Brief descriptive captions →

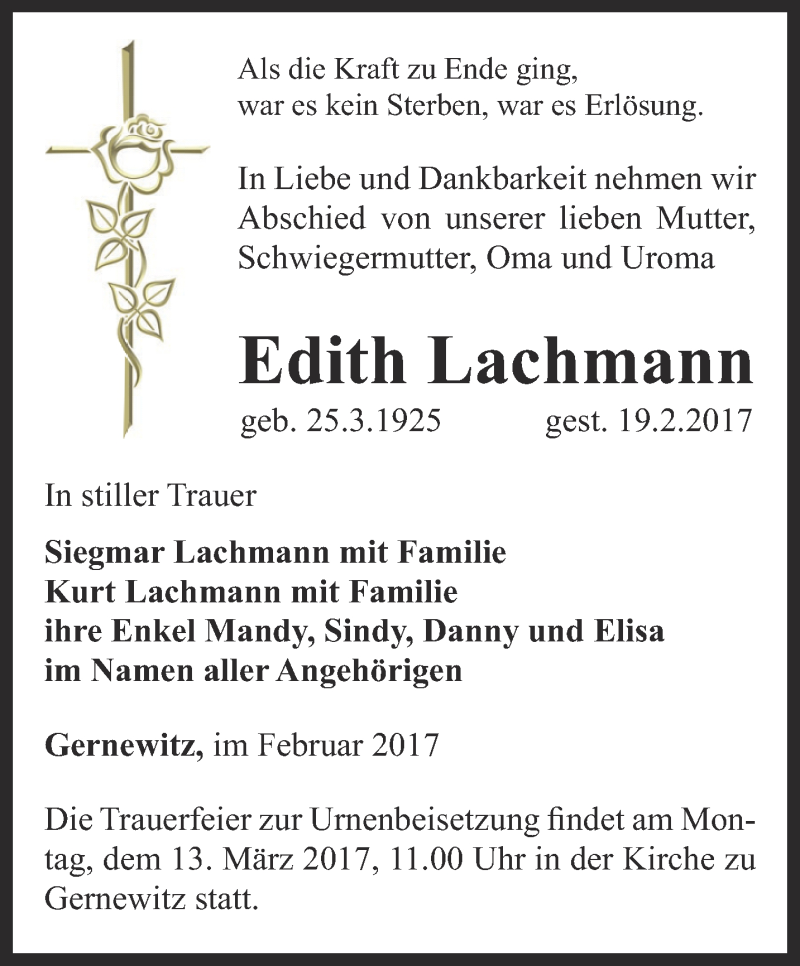  Traueranzeige für Edith Lachmann vom 25.02.2017 aus Ostthüringer Zeitung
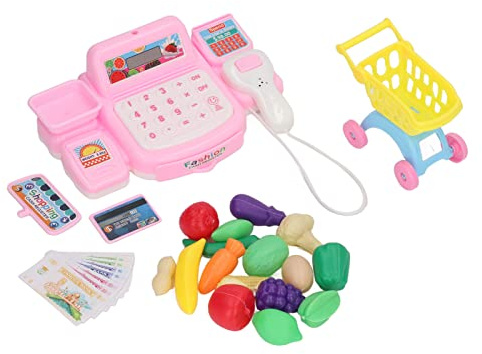 Fdit Caisse Enregistreuse en Plastique Durable avec Effet Sonore Léger, Apprentissage Précoce pour Les Enfants de 3 Ans et Plus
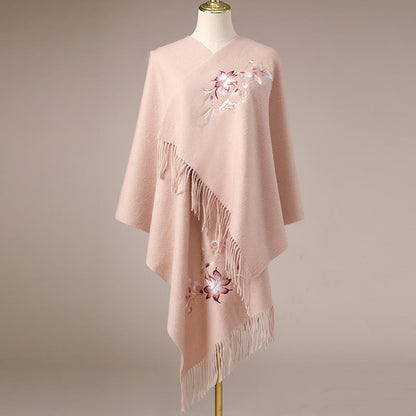 Mythstone Wool Shawl Pink White Flower Embroidery Tassel Winter Cozy Travel Scarf Wrap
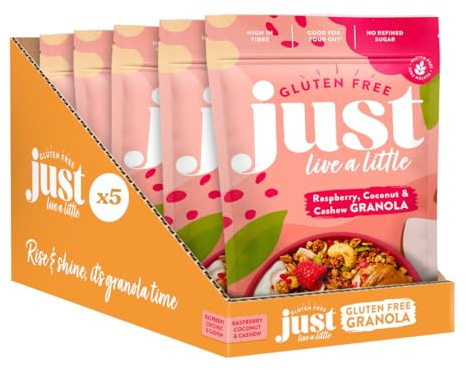 Just Live a Little Gluten Free Granola | 5 x 360g packs | Vegan | No Added Sugar (Raspberry, Coconut & Cashew)
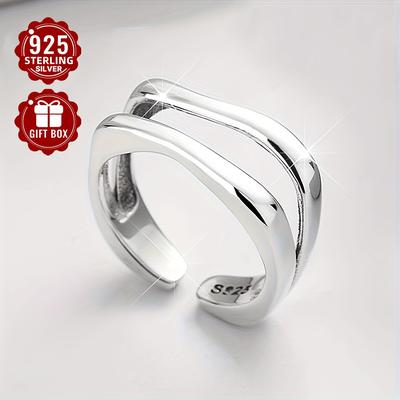 TEMU (total Weight About 4.6g) 1pc925 Sterling Silver Hypoallergenic Irregular Double Wavy Fashion Commuting Simple Temperament Men's Women's Universal Image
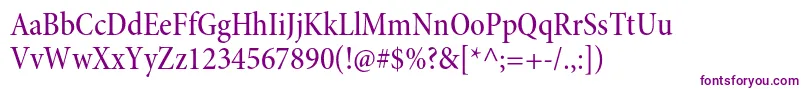 MinionproMediumcnsubh Font – Purple Fonts on White Background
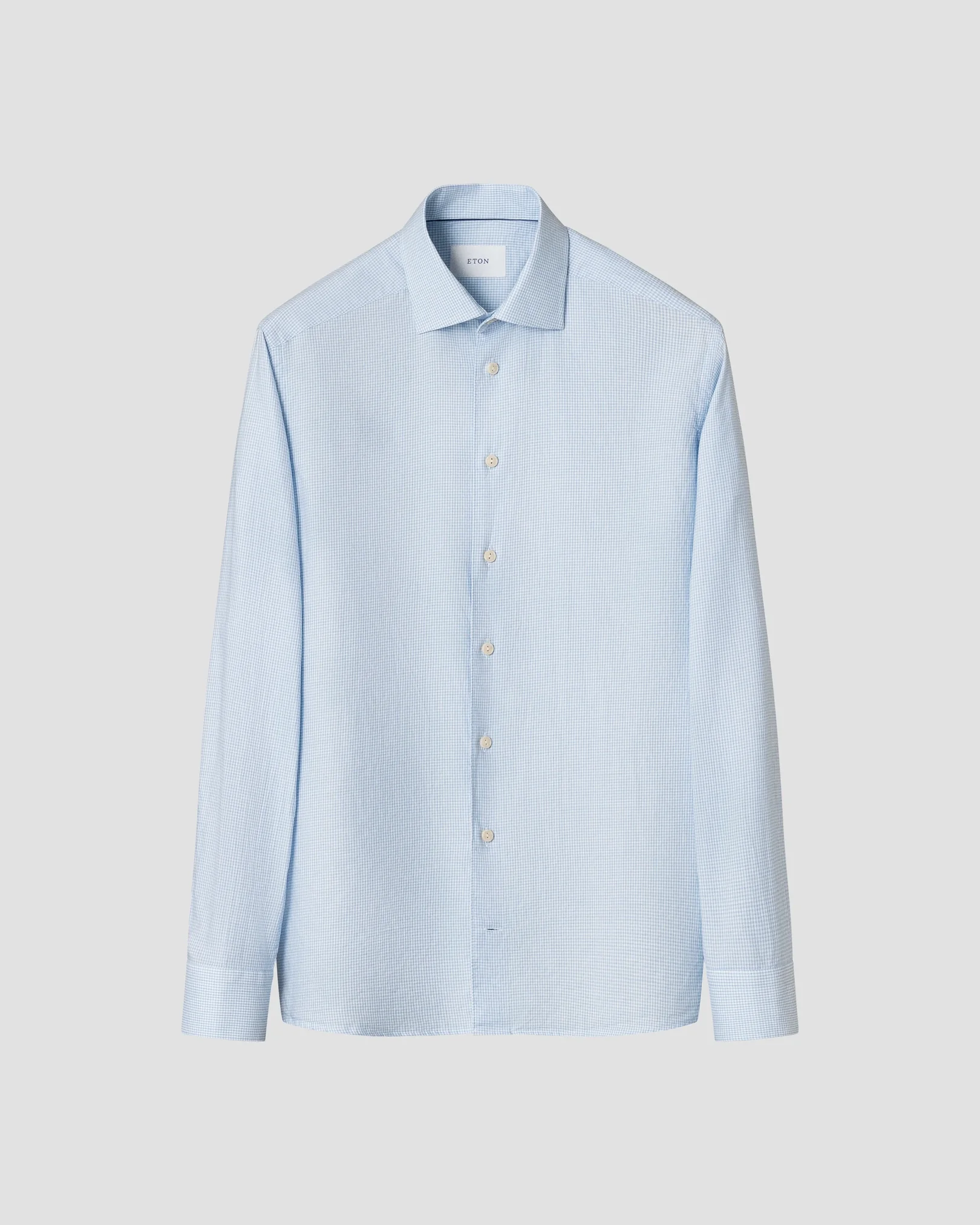 Eton - light blue fine twill checked shirt cut away 260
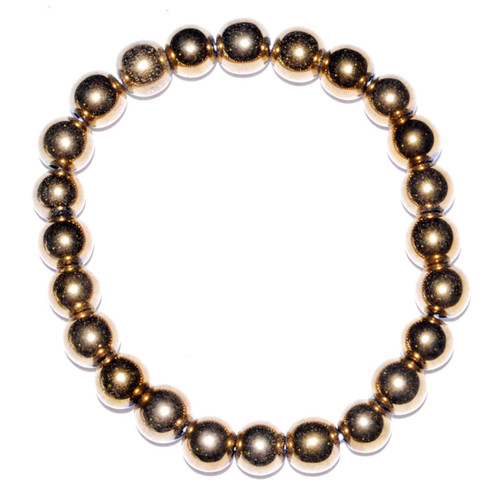 Gold plated Hematite Bracelet 8mm Gold plated Hematite Bracelet 8mm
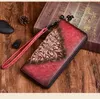 Women Long Genuine Leather Wallet Fashion Geometric Phone Coin Purse Women's Large Capacity Female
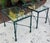 Postmodern Pair of Giacometti Style Wrought Iron Verdigris Finish Glass Top Side Table For Sale - Image 3 of 12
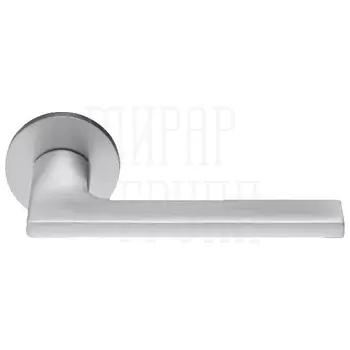 Дверная ручка на круглой розетке RUCETTI RAP 31 SLIM-R матовый хром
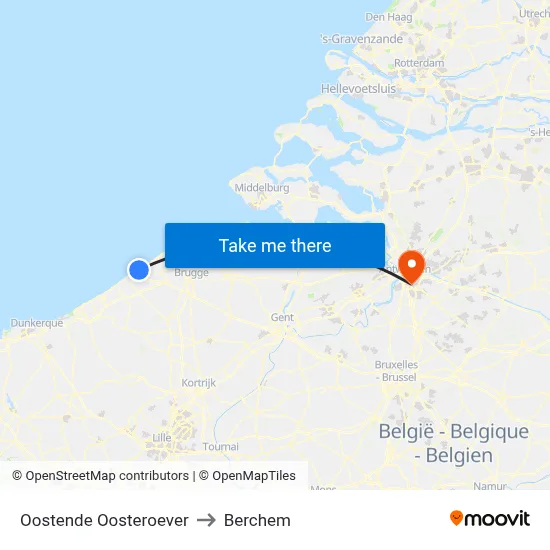 Oostende Oosteroever to Berchem map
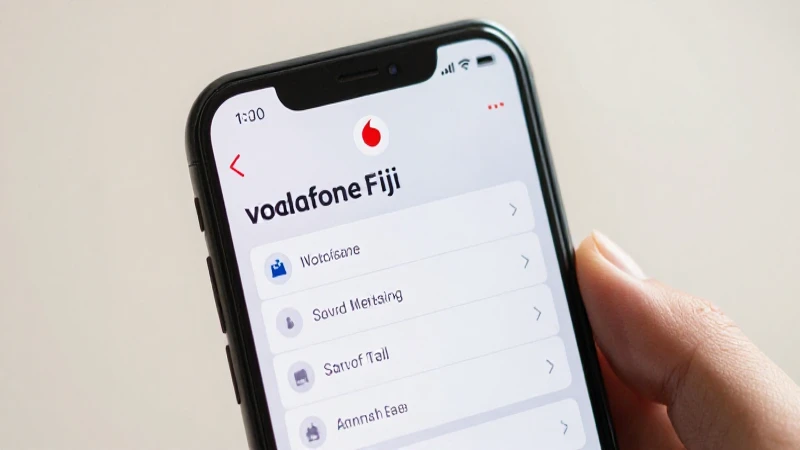 Teléfono muestra ajustes con icono Vodafone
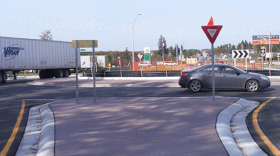 A new roundabout in Mesick at the intersection of M-115 and M-37.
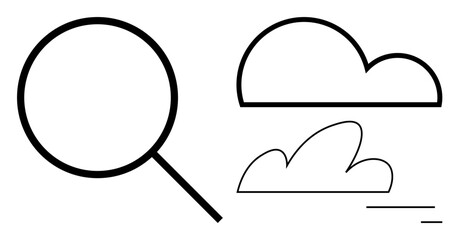 Minimalist magnifying glass alongside two stylized clouds, symbolizing focus, observation, and exploration. Ideal for search, research, environment, innovation, learning evaluation simple landing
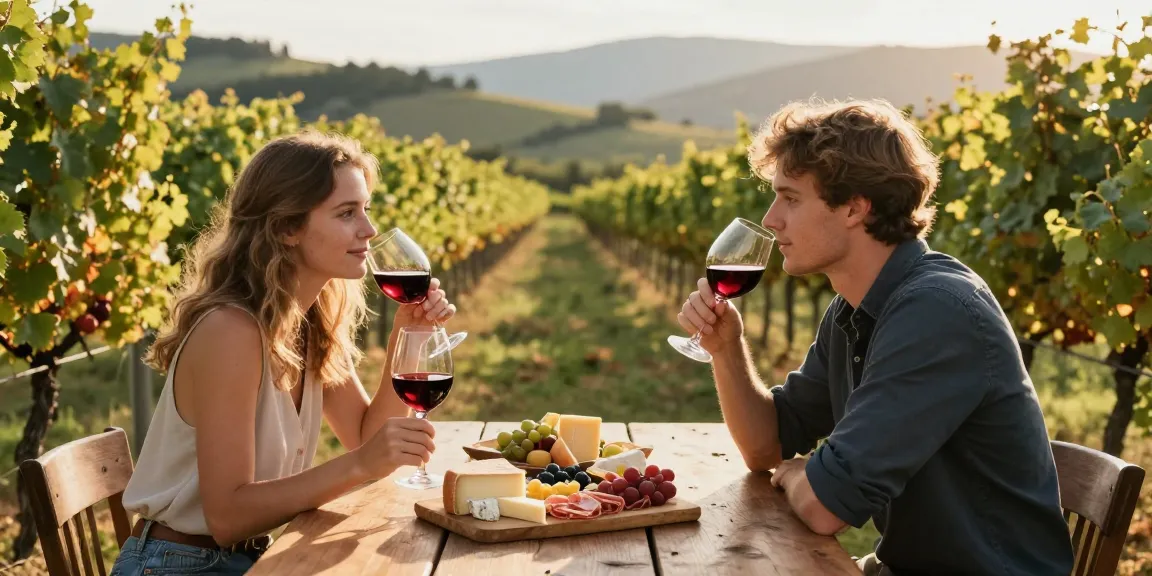 Couple tasting Chattoowines in a scenic vineyard with cheese and charcuterie.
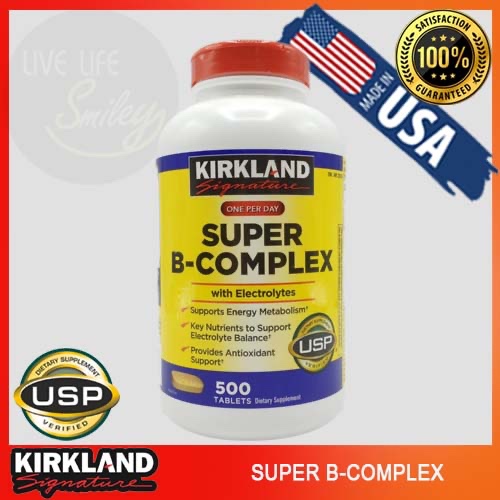 Kirkland Signature Super B-Complex with Electrolytes,วิตามินบีรวม  500 Tablets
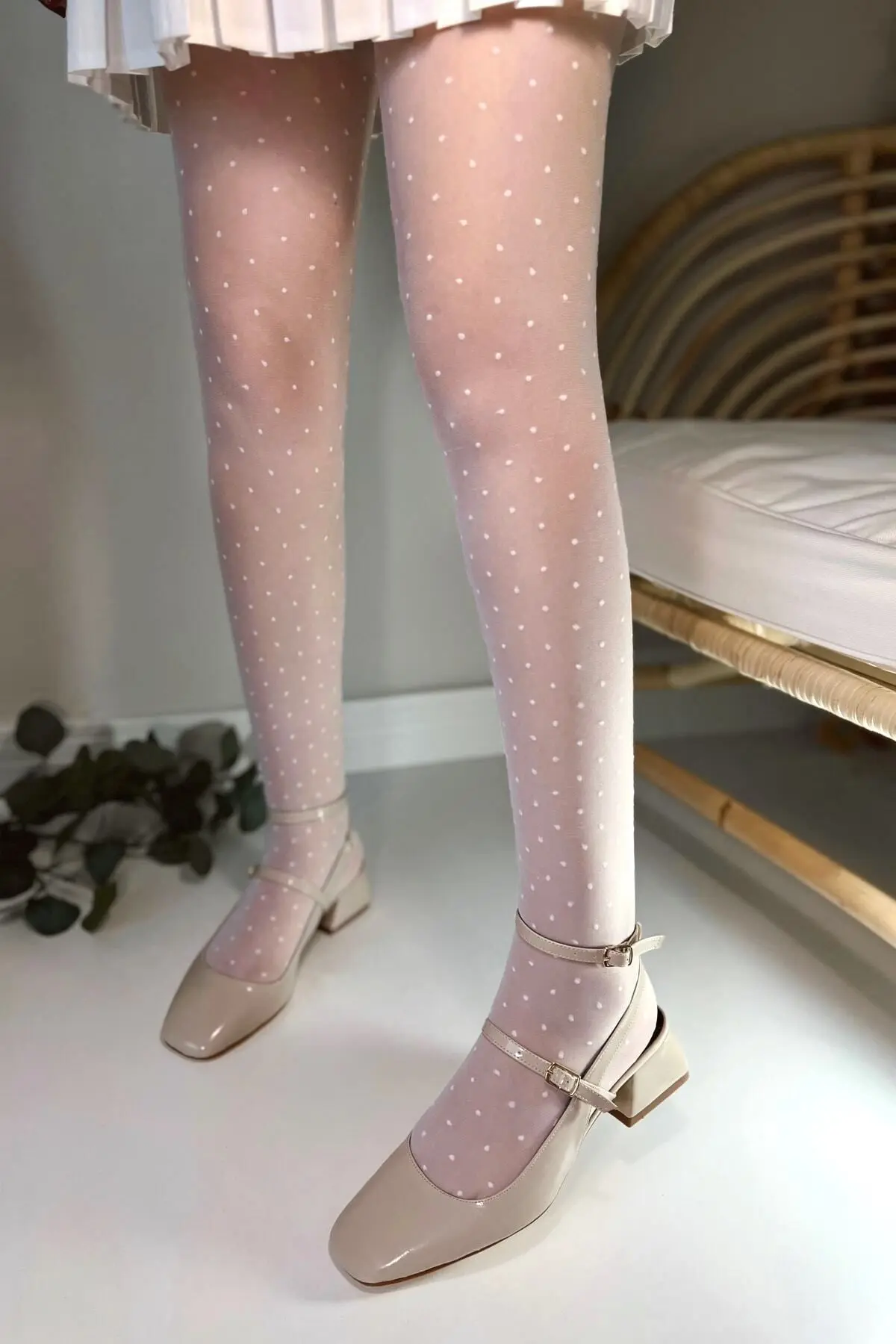 Kadın Mary Jane Bej Nude Ten Rugan Arkası Açık Kare Burunlu Baretli Kısa Blok Topuklu Ayakkabı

Assignment → Set each line of the records down exactly, leaving every picture out.

Answer section →
  Traueranzeige für Edith Lachmann vom 25.02.2017 aus Ostthüringer Zeitung
 Fdit Caisse Enregistreuse en Plastique Durable avec Effet Sonore Léger, Apprentissage Précoce pour Les Enfants de 3 Ans et Plus
 Mythstone Wool Shawl Pink White Flower Embroidery Tassel Winter Cozy Travel Scarf Wrap
 Just Live a Little Gluten Free Granola | 5 x 360g packs | Vegan | No Added Sugar (Raspberry, Coconut & Cashew)
 TEMU (total Weight About 4.6g) 1pc925 Sterling Silver Hypoallergenic Irregular Double Wavy Fashion Commuting Simple Temperament Men's Women's Universal Image
 MinionproMediumcnsubh Font – Purple Fonts on White Background
 Eton - light blue fine twill checked shirt cut away 260
 Gold plated Hematite Bracelet 8mm Gold plated Hematite Bracelet 8mm
 Women Long Genuine Leather Wallet Fashion Geometric Phone Coin Purse Women's Large Capacity Female
 Postmodern Pair of Giacometti Style Wrought Iron Verdigris Finish Glass Top Side Table For Sale - Image 3 of 12
 Дверная ручка на круглой розетке RUCETTI RAP 31 SLIM-R матовый хром
 Oostende Oosteroever to Berchem map
 Teléfono muestra ajustes con icono Vodafone
 A new roundabout in Mesick at the intersection of M-115 and M-37.
 Minimalist magnifying glass alongside two stylized clouds, symbolizing focus, observation, and exploration. Ideal for search, research, environment, innovation, learning evaluation simple landing
 Couple tasting Chattoowines in a scenic vineyard with cheese and charcuterie.
 Kirkland Signature Super B-Complex with Electrolytes,วิตามินบีรวม  500 Tablets
 Kadın Mary Jane Bej Nude Ten Rugan Arkası Açık Kare Burunlu Baretli Kısa Blok Topuklu Ayakkabı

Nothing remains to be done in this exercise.